Anne : Boudoir For Her Husband

Robert Mitchell

Senior Member
Anne wanted to do something a little special for her husband. She has no aspiration to be a model but she did an outstanding job anyway.

Camera & Lens:
Nikon D700 & Nikkor 24mm f/2 manual focus

Settings:
ISO 200, f/11, 1/160s

Lighting:
53" Octa w/inner and outer diffusion [1][positioned above and to camera left], [2][positioned above and to camera right]

[1]
p1406572868-5.jpg


[2]
p1406572858-5.jpg
 

Moab Man

Senior Member
Robert, this is a learning question for me as I love the work you do.

Why not iso 100? Shutter speed become too slow? No particular reason?
 

Robert Mitchell

Senior Member
Robert, this is a learning question for me as I love the work you do.

Why not iso 100? Shutter speed become too slow?
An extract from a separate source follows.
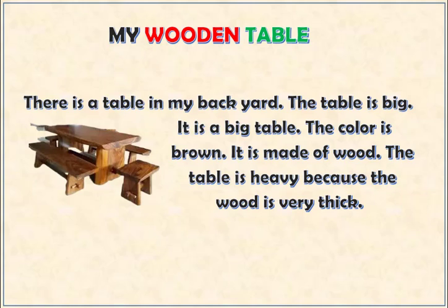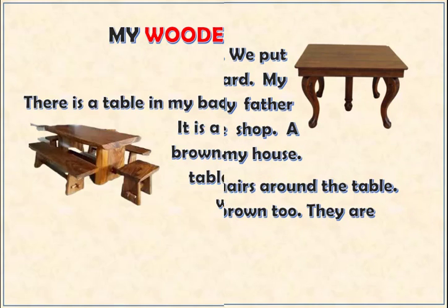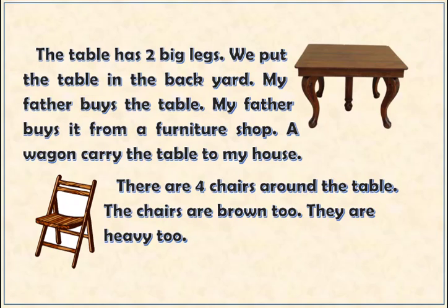The table is heavy because the wood is very thick. The table has two big legs. We put the table in the backyard.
No particular reason?

Hi Moab Man,

Thank you.

I generally work at a camera's native base ISO, which in the case of a D700 is ISO 200. I've been known to use the expanded ISO settings for ISO 100 but most often when using flash or strobes I stick with ISO 200. I can't say that I've seen or experienced and difference in image quality of noise but I just feel better working within the normal ISO range of the camera.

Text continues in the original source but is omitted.